Its common name linked to the word “holy,” holly has been the object of secular fascination and sacred ritual from almost the dawn of recorded Western history. The Druids, a priestly class of ancient Celts, believed that the sun never abandoned the holly bush, which they held in reverence as a symbol of the eternal cycle of the seasons. The Romans associated the plant with the god Saturn, whose festival, Saturnalia, fell in late December. During the celebration, Romans sent holly boughs to friends as tokens of goodwill, for they considered the plant a powerful countercharm. Holly branches were commonly hung about homes and stables to protect the occupants from evil spirits around the time of the winter solstice, thus giving rise to our holiday holly customs, Pliny the Elder, a Roman scholar who lived from A.D. 23 to 79, wrote that holly planted beside one’s house was a potent method of warding off malicious spells, not to mention stray lightning bolts. Later, in medieval England, holly was a component of various spells recommended to a maiden who wished to foretell something concerning a future husband. Walking sticks carved from holly were quite popular up until the 19th century, more for their supposed spiritual protection against wild beasts than for the strong fine wood.

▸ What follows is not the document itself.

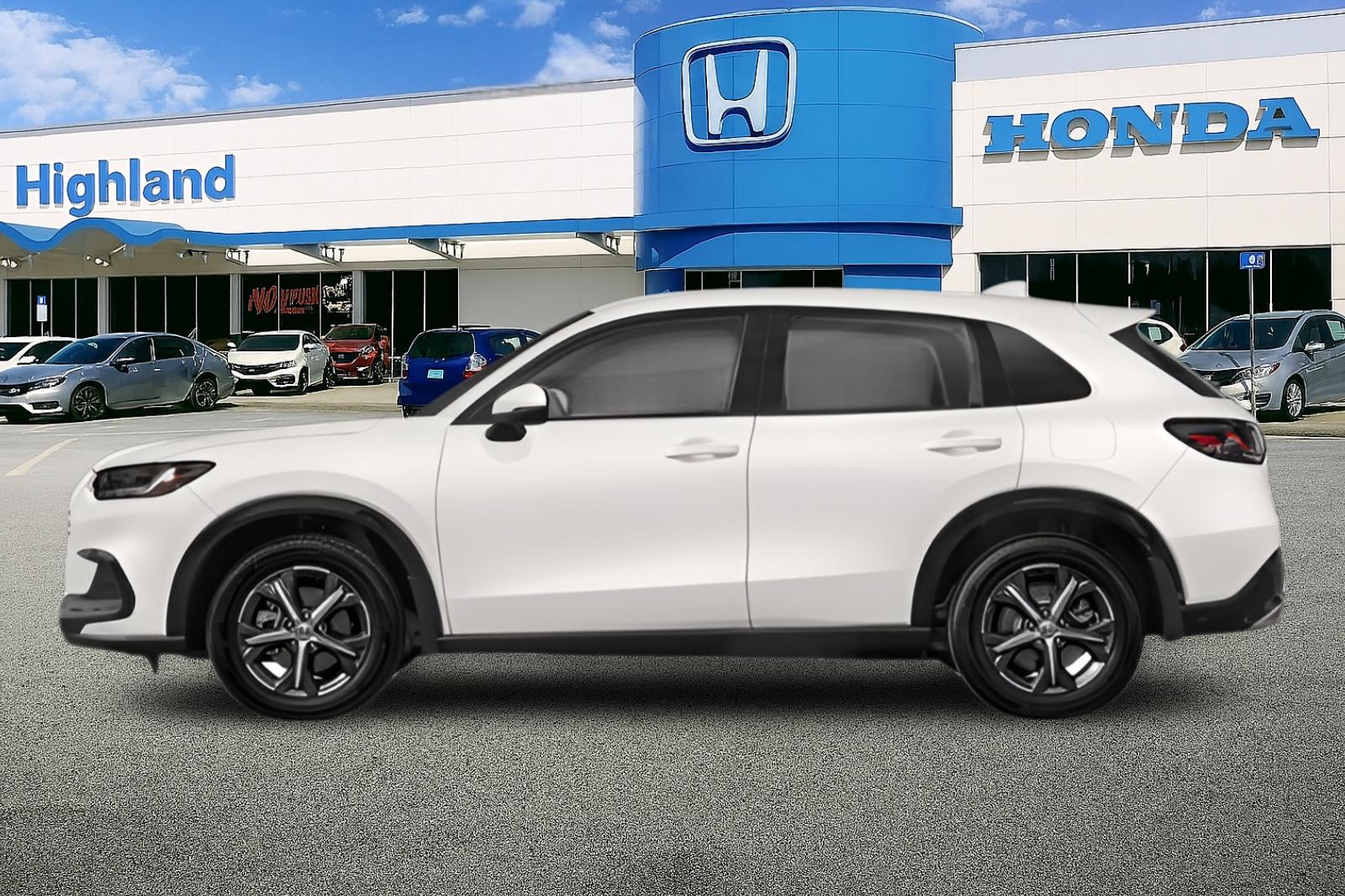 2024 Honda HR-V EX-L photo 2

Holly is still a popular choice, but in form of plantings in contemporary landscapes. With more than 800 species worldwide, hollies offer literally thousands of varieties to choose from. The largest and most notable is English holly or Ilex aquifolium. Meaning “spiny-leaved holly”, it refers to the armed, curly glossy foliage. Different variegated patterns, both silver and gold, have been developed. The large berries turn color in late fall and can be either red or yellow. Heavily branched plants eventually form a pyramidal-shaped tree, with some varieties reaching 75 feet at maturity. English holly thrives in Zones 6b to 8a. It can be used for specimen planting, as an almost impenetrable hedge or for topiary and espalier designs.
My favorite, though, is our native deciduous holly, winterberry, also know as possumhaw. Ilex verticillata lacks the yearlong foliage of its evergreen cousins, but makes up for it by their extreme cold hardiness and plentiful berry production. Cultivars are now available in red, orange and yellow berries. Ranging from 5 to 15 feet tall, they are ideal for mass plantings in naturalized areas of the garden. The cut branches make excellent material for arrangements, not to mention holiday decorating, and constitute an important winter food source for birds.
Note: If you really dig hollies, the reference book for you is Hollies: The Genus Ilex by Fred C. Galle published by Timber Press.